Momentum peringatan 16 Hari Anti Kekerasan terhadap Perempuan (HAKtP) yang berlangsung dari 25 November hingga 10 Desember mendorong b...
Momentum peringatan 16 Hari Anti Kekerasan terhadap Perempuan (HAKtP) yang berlangsung dari 25 November hingga 10 Desember mendorong berbagai upaya penghapusan kekerasan terhadap perempuan secara global. 16 Hari Anti Kekerasan terhadap Perempuan (16 Days of Activism Against Gender Violence) merupakan kampanye internasional untuk mendorong upaya-upaya penghapusan kekerasan terhadap perempuan di seluruh dunia.
HAKtP pertama kali digagas oleh Women’s Global Leadership Institute tahun 1991 yang disponsori oleh Center for Women’s Global Leadership. Setiap tahunnya, kegiatan ini berlangsung dari tanggal 25 November yang merupakan Hari Internasional Penghapusan Kekerasan terhadap Perempuan hingga tanggal 10 Desember yang merupakan Hari Hak Asasi Manusia (HAM) Internasional.
Sebagaimana siaran pers Kementerian Pemberdayaan Perempuan
dan Perlindungan Anak (Kemen PPPA) yang dikeluarkan pada Sabtu (2/12/2023) di laman resminya, mengungkapkan bahwa 16 HAKtP menjadi wadah untuk bertukar pikiran, serta berbagi praktik baik
dalam upaya mencegah dan menurunkan tingkat kekerasan terhadap perempuan baik
itu KDRT, Tindak Pidana Perdagangan Orang (TPPO), Tindak Pidana Kekerasan
Seksual (TPKS), Kekerasan Berbasis Gender (KBG), hingga Kekerasan Berbasis
Gender Online (KBGO).
Kekerasan terhadap Perempuan (KtP) merupakan isu krusial
yang memerlukan perhatian serius, komitmen, dan aksi nyata dari semua pihak untuk
kembali berperan aktif dalam memperingati 16 HAKtP melalui beragam rangkaian
kegiatan.
Kementerian PPPA sendiri melakukan peringatan 16 HAKtP dengan beragam acara, diantaranya dengan talk show ‘Perlindungan Perempuan dari Segala Bentuk Kekerasan’ di Perpustakaan Nasional Republik Indonesia pada Jumat, (1/12).
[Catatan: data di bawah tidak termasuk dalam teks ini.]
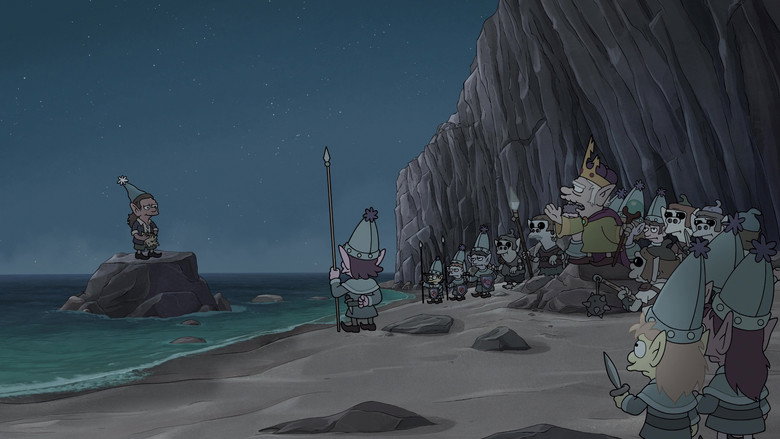 Still from Disenchantment - Season 3 Episode 8
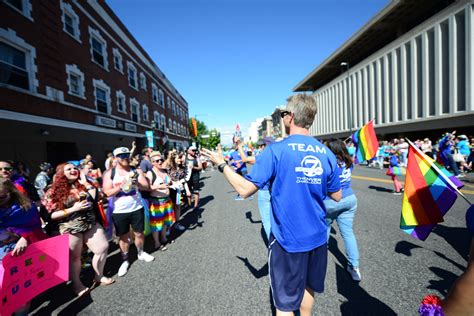 Slideshow Denver Pridefest Parade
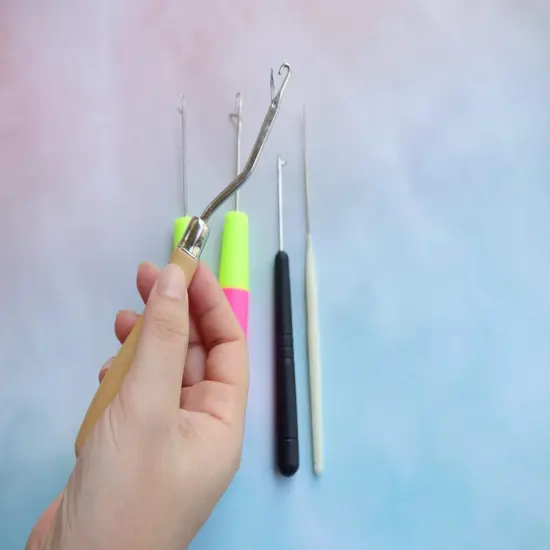 Crochet Needle Hook Tools {4}
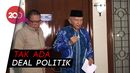 Amien Rais soal Pertemuan Jokowi-Prabowo: Tak Ada Pembagian Kursi Amien Rais soal Pertemuan Jokowi-Prabowo: Tak Ada Pembagian Kursi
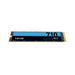 EAN 0843367129713 - Lexar NM710 2 TB M.2 PCI Express 4.0 NVMe imagen 4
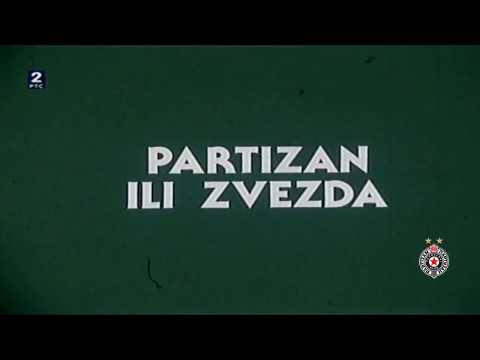 Dokumentarni film ● Partizan ili Zvezda ● 1983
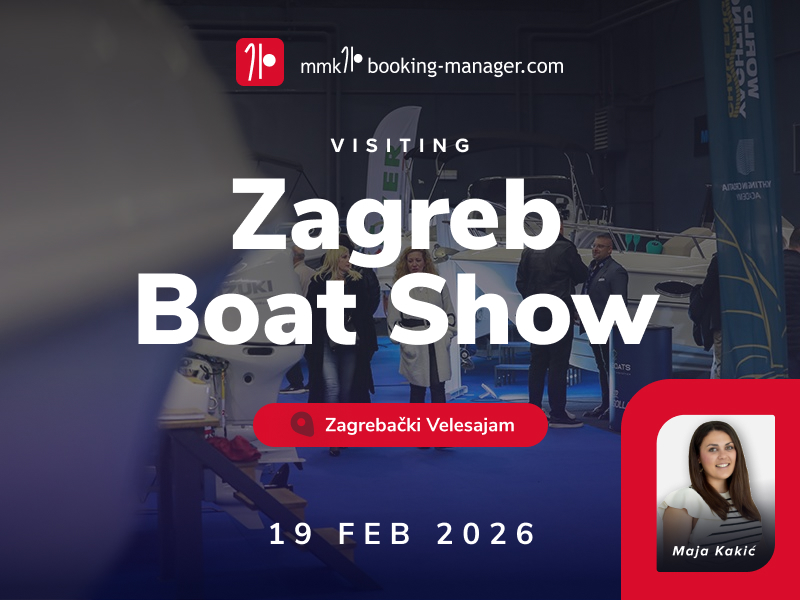 Zagreb Boat Show 2026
Menurut Asisten Deputi Perlindungan Hak Perempuan dalam Rumah
Tangga dan Rentan Kemen PPPA, Eni Widiyanti, sebagaimana disampaikan pada acara
talkshow tersebut, bahwa urgensi perlindungan perempuan di lingkup rumah
tangga, khususnya dalam kasus Kekerasan dalam Rumah Tangga (KDRT) merupakan
bentuk kekerasan tertinggi yang terjadi pada perempuan di Indonesia. Kenyataan
ini menjadi urgensi pentingnya upaya perlindungan perempuan hingga ke dalam
lingkup rumah tangga karena kekerasan dalam bentuk apapun akan berdampak secara
signifikan terhadap kesehatan dan kesejahteraan perempuan yang menjadi korban.
Senada dengan Eni, Asisten Deputi Perlindungan Hak Perempuan Pekerja dan Tindak Pidana Perdagangan Orang Kemen PPPA, Priyadi Santosa menyoroti pentingnya komitmen, sinergi, dan kolaborasi dalam menangani kasus TPPO di Indonesia. “TPPO merupakan kejahatan luar biasa yang penanganan dan pencegahannya pun perlu dilakukan secara serius dan kerja sama semua pihak, baik itu yang tergabung ke dalam Gugus Tugas Pencegahan dan Penanganan Tindak Pidana Perdagangan Orang (GT PP TPPO) maupun pihak terkait lainnya. Kompleksitas kasus TPPO tidak dapat diselesaikan seorang diri, tetapi memerlukan dukungan dalam upaya pencegahan dan penanganan yang berkelanjutan,” ujar Priyadi.